# Your assignment:
Below are the entries. Print only the lines starting at the one with "Tractores - tracción" and ending at the one with "no9335 3.1 Phillip", exactly, with no pictures.

# Records provided:

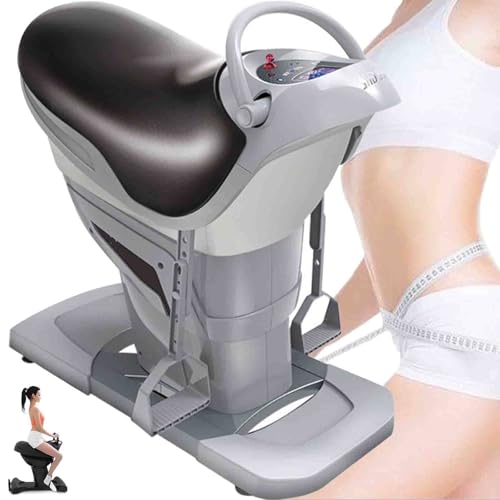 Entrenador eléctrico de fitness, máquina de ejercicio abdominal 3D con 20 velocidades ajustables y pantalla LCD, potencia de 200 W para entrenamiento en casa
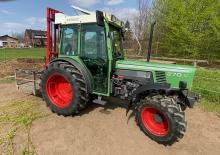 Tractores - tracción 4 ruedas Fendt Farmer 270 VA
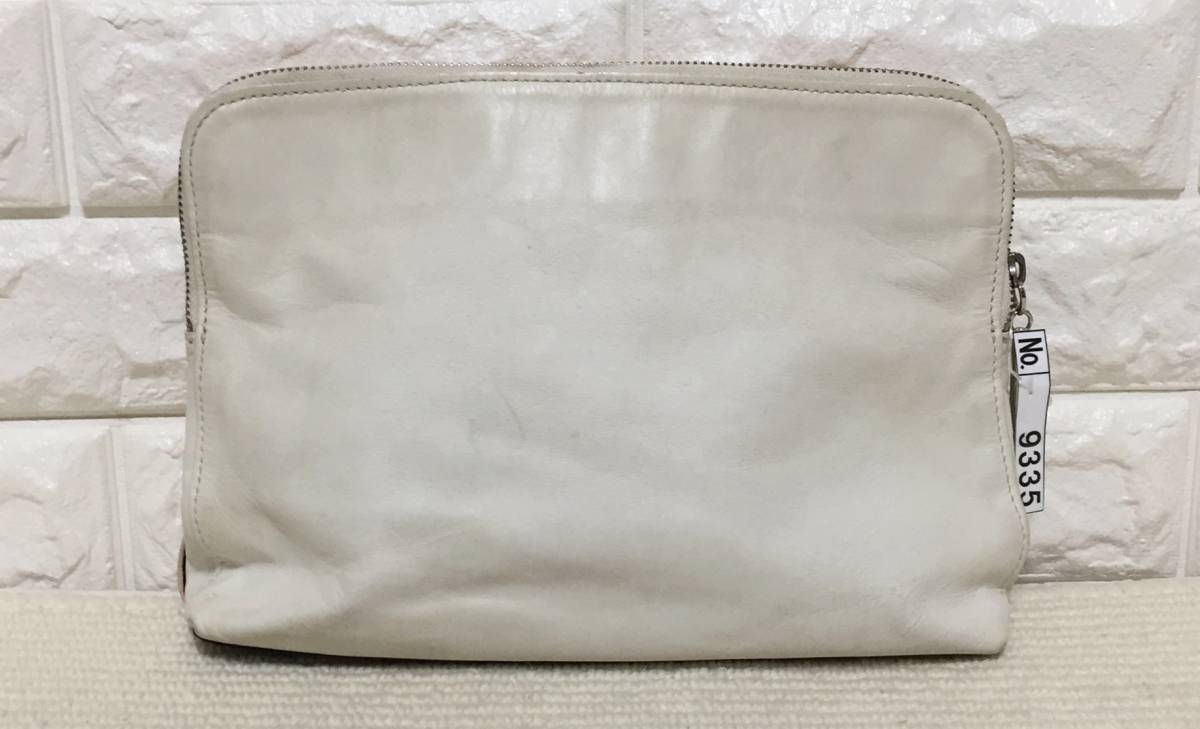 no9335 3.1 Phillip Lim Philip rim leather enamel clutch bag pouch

---

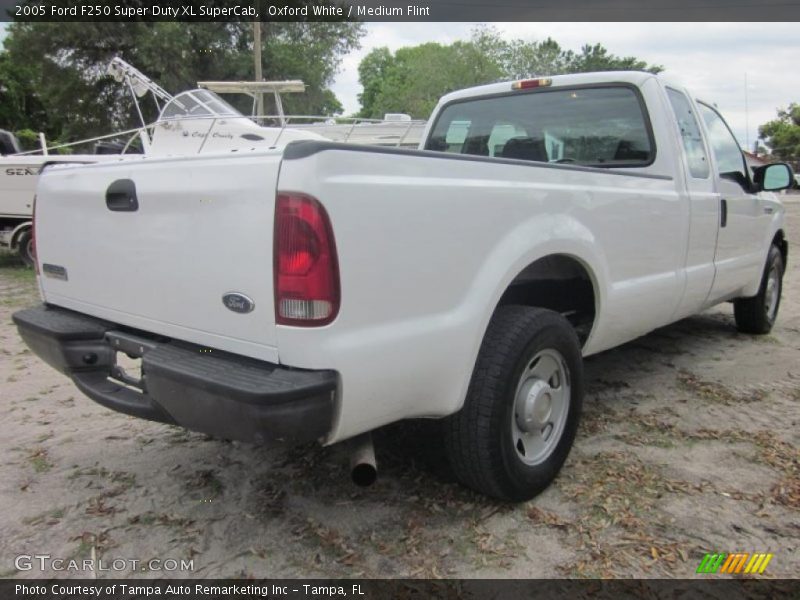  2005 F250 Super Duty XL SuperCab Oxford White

# Solution to this task:
 Tractores - tracción 4 ruedas Fendt Farmer 270 VA
 no9335 3.1 Phillip Lim Philip rim leather enamel clutch bag pouch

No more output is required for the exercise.